There is relief in knowing that Connor has his own space here, in a room built on to the back of the house, he is unaffected by the night-noises. It makes me happy to know that he gets real sleep now, uninterrupted dreaming and no more toddlers bouncing on his head at 4 in the morning.
But for me, there is no break.
And when you have not had a break in three years it is hard to be the same person 24 hours a day. At 3am I am no longer smiling. I storm into Corrigan’s room like an angry bull, yanking him up from the floor in front of the door with little concern for his comfort. I know that he cannot sleep, yet I still order him to his bed. I march him sternly to his mattress and feel my tempter rise even more when he makes himself go limp to try and avoid me picking him up and putting him back in bed. There is no kindness in my voice, or in my eyes, at three in the morning.
I wonder what Corrigan thinks of that mad woman that enters his room all night long, speaking to him meanly, tossing him into bed like a sack of flour instead of tucking him in sweetly, with so much anger in her eyes instead of the love he normally sees all day? I know that I don’t like her, not at all. I want to punch her in the face. Tell her to knock it off, to be thankful that she has that little boy in the first place…to get her damn act together and just deal, you know?
He is asleep right now though to be honest, I do not know where. In his room, for sure, but in his bed? I doubt it. I do not know because this morning when the traffic started sounding thicker outside my window and the alarm clock showed 6am, I let him scream. I couldn’t take it any longer and I didn’t trust myself to go in there for the eighth time and remain calm. I was past feeling rational, after this third night of torture. My hands were shaking, my heart was pounding and I laid there crying, as Mark rubbed my arms and told me it would be okay. That I was not an awful person. I let that baby scream on the floor, behind his door, his little fingers slipped under and out into the hallway.
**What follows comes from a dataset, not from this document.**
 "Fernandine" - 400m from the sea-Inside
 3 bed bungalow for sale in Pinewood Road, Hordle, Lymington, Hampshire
And then there was silence.
I want to go in and make sure that he is not sound asleep on his cold floor, to pick him up gently and tuck him under his blankets. I want to whisper apologies in his ear for the tough night that we had, again. I want to rub his little head and pull his blanket up under his chin. I want to crawl into bed next to him and sleep but I dare not wake him.
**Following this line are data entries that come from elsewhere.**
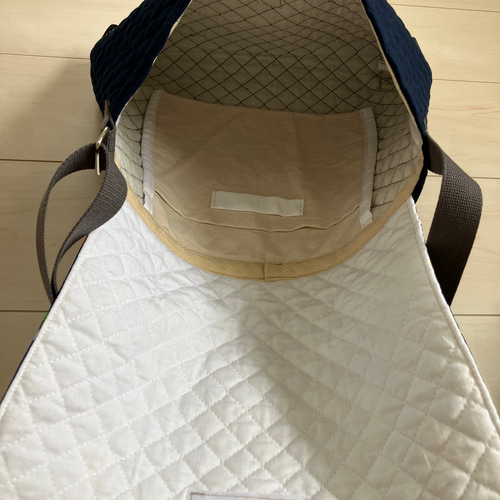 手作り☆保冷保温☆通園ショルダーバッグ☆Mサイズ☆モノトーン車&キルティング 手作り☆保冷保温☆通園ショルダーバッグ☆Mサイズ☆モノトーン車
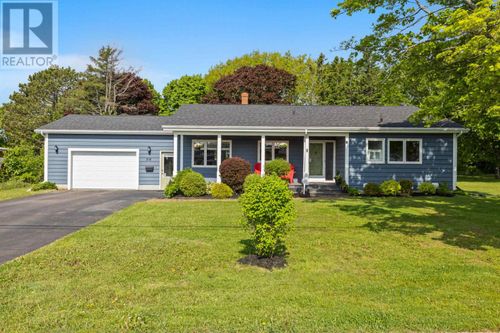 318 High St, Summerside, PE, C1N2R1 | Card Image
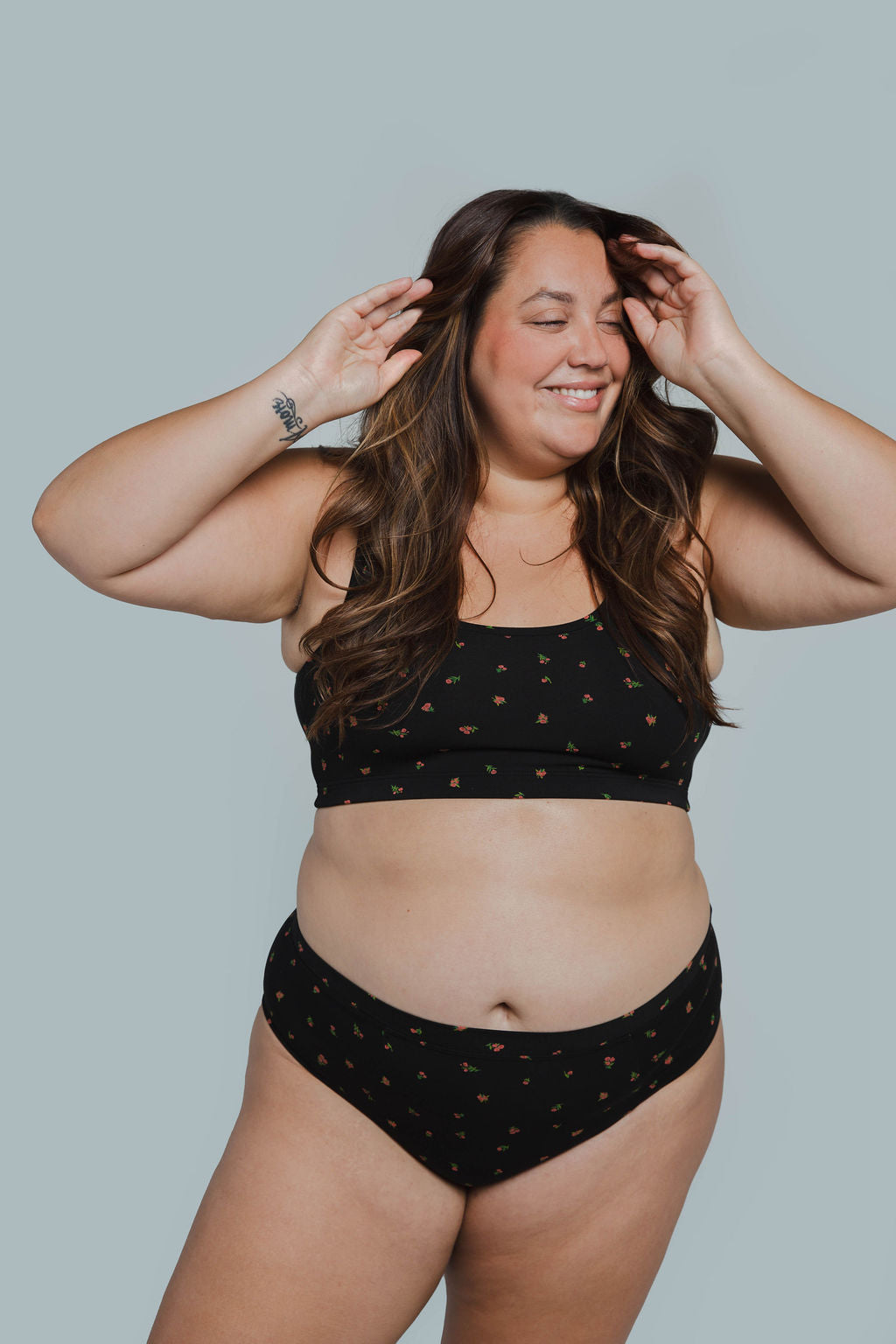 Midnight Rose | Model is wearing size 2XL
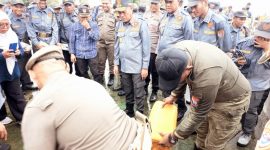 Bupati Sofyan Kaepa di apel siaga satlinmas, Minggu 25 Agustus 2024 (Istimewa)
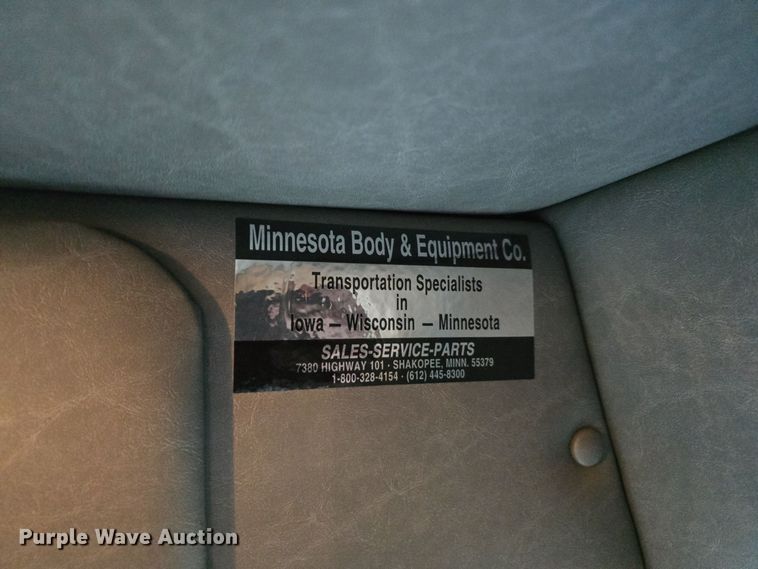 image for item LW9901 2001 Ford E350 Super Duty XLT van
He has therapy in a few hours. There are chores to be done and Cor needs a shower before Ms. Kelley gets here. His hair is crusty from the can of Mt. Dew that he poured over himself yesterday, and then rolled around in on my freshly scrubbed floor, after he already had his second bath of the day. There is so much I need to do between now and 9am. My window for sleep has closed. Corrigan has managed to time it, yet again, so that napping when he naps is impossible.
It is another day. I will quit watching the clock once his therapist leaves. I will putter around the house cleaning up here and there, avoiding the couch so that I do not get sleepy. I will clean up blocks and DVD cases all day long. I will avoid phone calls and emails because I don’t have the energy to fake it to another person. I will make up a list for the grocery store that will not be purchased because driving this tired should be a crime. I will avoid looking at myself in the mirror because it doesn’t matter anyway. I will wear the same clothes that I slept in all day long and pray that no one stops by to visit.
I will look like someone that quit caring a long time ago but I do care. I might be numb but I care. I care so much that it hurts. I am just doing the best that I can. I just wish it were a little easier.